# My Horse Kash



## StaceyRosado (Oct 5, 2007)

Some of you know I was privileged to be able to get a horse from Ashley (RunAround) and her mom (BetterBuckskins) - I have always wanted a horse and when this opportunity presented its self I feel blessed to now own him.

Here he is all saddled up to go on a ride
[attachment=3:1mt60wyi]Kash front.jpg[/attachment:1mt60wyi]
[attachment=2:1mt60wyi]Kash side.jpg[/attachment:1mt60wyi]

This is after our ride - he was pulling on the bit a little so thats why his head is up (he doesnt like to stand still just loves to GO hehe)

[attachment=1:1mt60wyi]me and kash 2.jpg[/attachment:1mt60wyi]
[attachment=0:1mt60wyi]me and Kash.jpg[/attachment:1mt60wyi]

He knows more then I know so it is real fun to learn all the new things.

He doesnt live with me but at my friends horse farm but I see him almost every day 

THANK YOU ASHLEY!!!!!


----------



## RunAround (Feb 17, 2008)

Your Welcome girl!  Looks like you guys are having lots of fun. :thumb:


----------



## cdtrum (Aug 25, 2008)

Stacey....I know nothing about horses except I love them and want a couple myself.....he is pretty!

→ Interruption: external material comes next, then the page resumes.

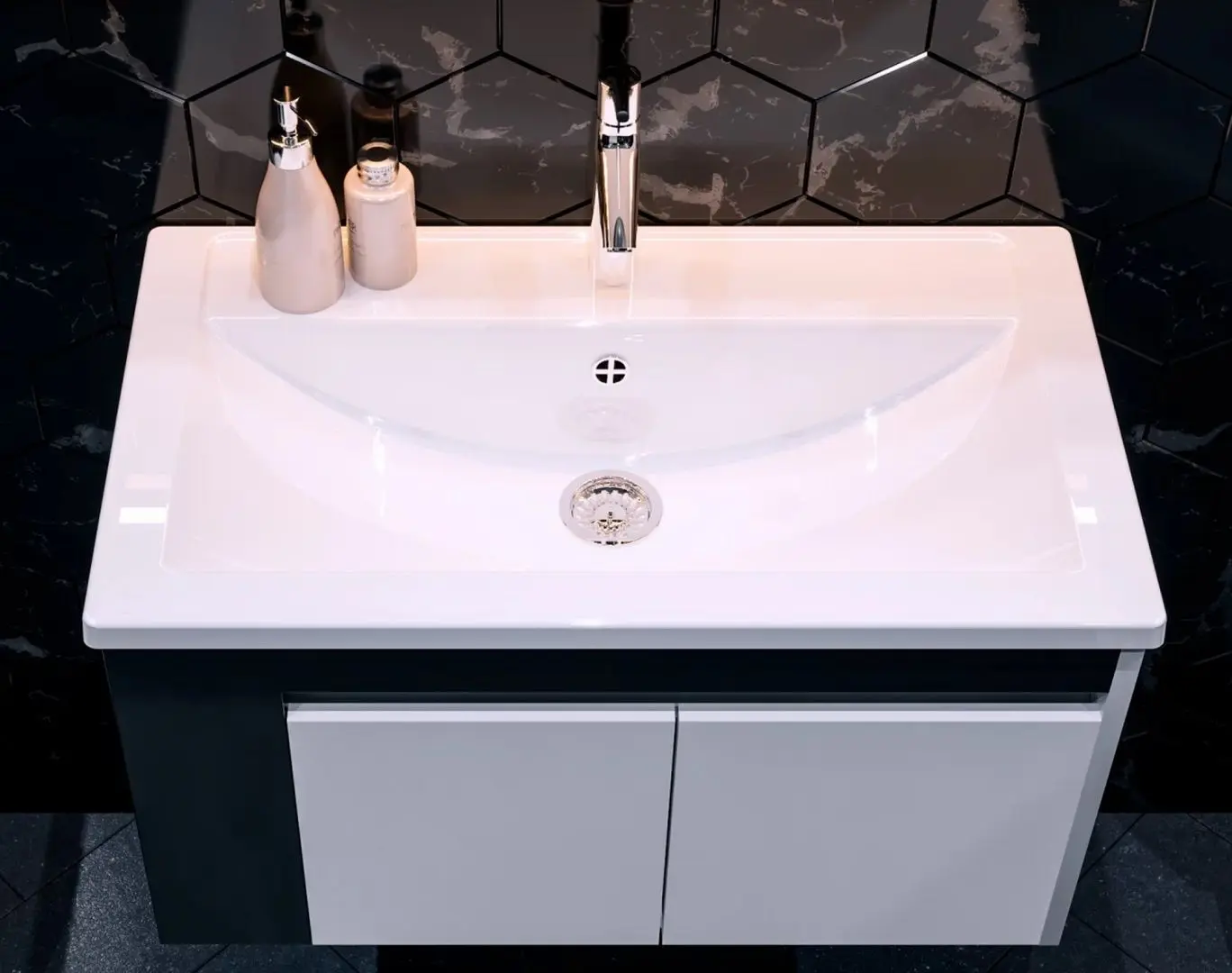 Lavoar Paola Mario 700 (White) - 4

Congrats on your new boy!


----------



## StaceyRosado (Oct 5, 2007)

RunAround said:


> Your Welcome girl!  Looks like you guys are having lots of fun. :thumb:


I wish I had more time recently to ride -- but I hope to ride on Monday or Tuesday 

My friends all really think he is a great horse - I keep overhearing them talking becasue the one lady is mostly deaf and she never hears me coming into the room LOL


----------



## Epona142 (May 26, 2008)

Very handsome fellow!

Congrats!


----------



## toth boer goats (Jul 20, 2008)

You both ...look very good together....... :wink: :greengrin: 
And he looks cool ...all dressed up...


----------



## AlaskaBoers (May 7, 2008)

beautiful horse! hope y'all had fun! :thumb:


----------



## greatcashmeres (Jul 13, 2008)

Wow, what a wonderful opportunity and horse! :stars: Do share more pics as you ride and as time allows. :thumbup:


----------



## liz (Oct 5, 2007)

He is a handsome boy! What an opportunity for you, Ashley, it was wonderful of you to give him to Stacey :hug:


----------



## Sweet Gum Minis (Oct 6, 2007)

Beautiful horse. I'd love to have one someday.


----------



## Hailee's Herd (Oct 5, 2007)

Stacey, he is so nice! That is cool that you got a horse.


----------